Indonesia’s Constitutional Court has ordered the government to make a number of changes to its controversial Job Creation law in response to a petition by a group of labor unions.
The court was responding to a petition filed by a group of labor unions, which claim that the government’s Job Creation law undermines workers’ rights in a number of respects. In a ruling yesterday, Reuters reported, the court accepted several of the petitioners’ demands while rejecting several others.
The Job Creation law, widely known as the Omnibus Law, aims to attract investment by slashing regulations and other red tape. The bill, first passed by the House of Representatives in October 2020, was a centerpiece of the administration of President Joko Widodo, which said that the bill was necessary spur to economic growth and attract foreign manufacturers that are relocating away from China.
However, the law has been heatedly contested. Its passage prompted mass protests across the nation, and led trade unions and civil society groups to file a judicial review at the Constitutional Court. Unions have taken aim at provisions that will allow employers to cut mandatory leave and slash severance pay, while environmentalists have criticized a stipulation that environmental studies be required only for high-risk investments.
In September, Said Iqbal, general chair of the Labor Party, a major union and political party that was among the groups that filed yesterday’s petition, called upon President-elect Prabowo Subianto to review the Omnibus Law. The Labor Party has also demanded an 8 percent increase in the minimum wage in 2025.
Yesterday, thousands of workers gathered outside the Constitutional Court building in Jakarta, calling for the law’s repeal and the introduction of restrictions on permanent outsourcing, improved severance pay for terminated employees, and protection against easy layoffs.
In November 2021, the Constitutional Court ruled that the law was partially unconstitutional, due to inadequate public consultations.
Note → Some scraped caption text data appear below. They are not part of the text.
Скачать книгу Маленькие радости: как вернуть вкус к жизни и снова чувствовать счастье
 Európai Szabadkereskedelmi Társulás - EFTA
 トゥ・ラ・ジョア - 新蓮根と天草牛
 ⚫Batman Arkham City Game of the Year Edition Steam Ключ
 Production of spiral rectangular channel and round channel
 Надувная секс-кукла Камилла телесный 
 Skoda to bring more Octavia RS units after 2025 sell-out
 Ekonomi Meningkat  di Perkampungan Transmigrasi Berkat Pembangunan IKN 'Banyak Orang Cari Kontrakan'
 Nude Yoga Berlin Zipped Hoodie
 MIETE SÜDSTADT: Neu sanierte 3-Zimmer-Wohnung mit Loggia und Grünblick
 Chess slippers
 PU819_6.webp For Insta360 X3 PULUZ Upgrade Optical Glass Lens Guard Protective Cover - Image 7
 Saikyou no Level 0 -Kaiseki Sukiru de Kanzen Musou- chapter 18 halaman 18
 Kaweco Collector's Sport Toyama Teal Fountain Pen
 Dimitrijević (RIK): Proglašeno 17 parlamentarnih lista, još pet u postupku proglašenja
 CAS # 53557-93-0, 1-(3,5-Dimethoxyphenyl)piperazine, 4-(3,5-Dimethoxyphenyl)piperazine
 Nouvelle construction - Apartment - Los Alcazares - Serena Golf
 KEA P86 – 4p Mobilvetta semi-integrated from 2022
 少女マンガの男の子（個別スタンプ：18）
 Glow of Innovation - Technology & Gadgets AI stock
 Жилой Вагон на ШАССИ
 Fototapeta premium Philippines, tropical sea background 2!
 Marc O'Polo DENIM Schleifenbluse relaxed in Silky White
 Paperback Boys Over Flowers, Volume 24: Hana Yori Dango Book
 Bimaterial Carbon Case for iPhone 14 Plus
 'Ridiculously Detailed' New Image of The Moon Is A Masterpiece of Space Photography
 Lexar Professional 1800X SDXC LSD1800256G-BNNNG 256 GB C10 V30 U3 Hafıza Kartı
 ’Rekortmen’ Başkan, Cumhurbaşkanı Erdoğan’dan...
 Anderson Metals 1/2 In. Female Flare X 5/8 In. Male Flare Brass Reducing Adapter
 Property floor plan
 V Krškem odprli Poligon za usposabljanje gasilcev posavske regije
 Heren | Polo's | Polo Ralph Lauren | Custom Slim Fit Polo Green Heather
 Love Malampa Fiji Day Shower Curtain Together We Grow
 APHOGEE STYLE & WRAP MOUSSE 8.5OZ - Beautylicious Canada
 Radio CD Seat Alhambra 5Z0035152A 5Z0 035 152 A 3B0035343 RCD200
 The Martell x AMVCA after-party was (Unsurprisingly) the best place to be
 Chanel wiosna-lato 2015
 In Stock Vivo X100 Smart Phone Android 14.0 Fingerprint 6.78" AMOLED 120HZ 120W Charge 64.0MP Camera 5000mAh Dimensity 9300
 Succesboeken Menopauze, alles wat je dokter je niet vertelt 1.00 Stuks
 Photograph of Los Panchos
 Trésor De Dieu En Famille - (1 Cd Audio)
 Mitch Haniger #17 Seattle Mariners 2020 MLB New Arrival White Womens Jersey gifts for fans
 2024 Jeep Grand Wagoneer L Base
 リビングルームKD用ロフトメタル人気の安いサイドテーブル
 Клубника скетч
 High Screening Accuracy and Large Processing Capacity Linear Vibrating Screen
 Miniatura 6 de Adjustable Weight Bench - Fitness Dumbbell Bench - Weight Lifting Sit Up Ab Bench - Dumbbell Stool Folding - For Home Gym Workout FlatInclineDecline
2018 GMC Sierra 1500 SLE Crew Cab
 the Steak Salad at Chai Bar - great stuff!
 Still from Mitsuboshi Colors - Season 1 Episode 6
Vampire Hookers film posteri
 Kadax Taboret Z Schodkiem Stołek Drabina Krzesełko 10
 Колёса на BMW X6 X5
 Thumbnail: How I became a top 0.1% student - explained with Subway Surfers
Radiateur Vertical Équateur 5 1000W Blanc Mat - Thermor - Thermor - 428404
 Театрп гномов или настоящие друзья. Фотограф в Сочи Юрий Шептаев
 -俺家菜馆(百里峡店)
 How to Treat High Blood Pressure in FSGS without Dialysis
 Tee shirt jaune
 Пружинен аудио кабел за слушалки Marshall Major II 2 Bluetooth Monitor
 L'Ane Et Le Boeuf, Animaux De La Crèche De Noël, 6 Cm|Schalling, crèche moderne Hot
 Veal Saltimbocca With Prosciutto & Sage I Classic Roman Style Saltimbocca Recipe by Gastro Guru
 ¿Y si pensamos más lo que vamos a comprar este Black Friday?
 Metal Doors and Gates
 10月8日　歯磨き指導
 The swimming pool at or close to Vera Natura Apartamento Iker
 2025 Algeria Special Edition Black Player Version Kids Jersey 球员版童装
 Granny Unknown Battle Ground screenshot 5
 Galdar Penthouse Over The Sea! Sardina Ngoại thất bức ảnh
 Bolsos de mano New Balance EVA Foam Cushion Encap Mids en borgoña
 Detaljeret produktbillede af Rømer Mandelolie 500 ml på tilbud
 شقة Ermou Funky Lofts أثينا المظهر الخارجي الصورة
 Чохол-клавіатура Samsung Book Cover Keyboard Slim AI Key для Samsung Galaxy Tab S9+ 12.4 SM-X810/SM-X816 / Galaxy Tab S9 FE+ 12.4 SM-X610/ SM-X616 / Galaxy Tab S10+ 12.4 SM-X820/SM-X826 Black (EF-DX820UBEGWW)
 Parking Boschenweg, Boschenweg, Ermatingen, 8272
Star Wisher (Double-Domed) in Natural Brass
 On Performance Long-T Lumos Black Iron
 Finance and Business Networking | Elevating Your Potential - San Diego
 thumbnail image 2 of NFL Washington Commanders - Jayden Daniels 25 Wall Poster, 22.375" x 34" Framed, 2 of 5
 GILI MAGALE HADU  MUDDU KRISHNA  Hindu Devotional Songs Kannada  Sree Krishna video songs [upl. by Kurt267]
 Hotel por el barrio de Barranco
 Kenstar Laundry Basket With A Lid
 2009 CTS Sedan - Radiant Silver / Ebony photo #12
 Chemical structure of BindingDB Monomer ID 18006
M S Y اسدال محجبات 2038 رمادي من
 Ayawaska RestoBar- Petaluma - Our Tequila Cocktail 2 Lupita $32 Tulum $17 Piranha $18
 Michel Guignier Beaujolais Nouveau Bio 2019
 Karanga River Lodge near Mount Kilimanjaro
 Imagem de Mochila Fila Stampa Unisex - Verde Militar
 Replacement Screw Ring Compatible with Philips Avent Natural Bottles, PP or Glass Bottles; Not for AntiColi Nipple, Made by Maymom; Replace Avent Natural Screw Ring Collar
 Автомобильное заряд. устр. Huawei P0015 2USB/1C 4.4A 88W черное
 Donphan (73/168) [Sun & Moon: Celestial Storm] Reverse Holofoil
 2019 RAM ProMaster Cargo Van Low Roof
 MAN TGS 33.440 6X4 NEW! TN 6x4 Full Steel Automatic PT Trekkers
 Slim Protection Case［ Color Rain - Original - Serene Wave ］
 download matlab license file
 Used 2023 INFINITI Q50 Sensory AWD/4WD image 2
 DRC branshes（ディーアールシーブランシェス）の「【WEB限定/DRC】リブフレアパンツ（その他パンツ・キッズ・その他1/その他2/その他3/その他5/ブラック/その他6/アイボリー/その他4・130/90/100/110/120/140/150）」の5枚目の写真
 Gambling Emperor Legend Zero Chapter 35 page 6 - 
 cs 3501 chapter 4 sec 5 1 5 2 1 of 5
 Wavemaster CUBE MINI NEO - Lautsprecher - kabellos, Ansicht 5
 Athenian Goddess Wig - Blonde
The court ordered the government to amend key parts of the legislation within two years of the law’s passage, saying that if the changes were not made, the legislation would be deemed “permanently unconstitutional.” In late 2022, however, Jokowi responded by signing an emergency regulation that essentially overrode the law and forced the changes by executive fiat.
In its 2o-point ruling yesterday, Reuters reported, judges “ordered local leaders to set sectoral minimum wages, as sought by unions” and introduced limited protections against unfair dismissal. In response to petitioners’ complaints the law would lead to many jobs being outsourced, it also ordered the Ministry of Manpower to provide clarity on what sort of jobs can be outsourced.
At the same time, the ruling also rejected a number of the demands made in the petition, including a demand for an increase in severance benefits. It also rejected a request to change the formula used to set the annual rise in minimum wages.
The Constitutional Court ordered legislators to pass a new manpower law within two years, in order to streamline the existing legislation, which is currently scattered among a number of different bills, and harmonize it with yesterday’s ruling.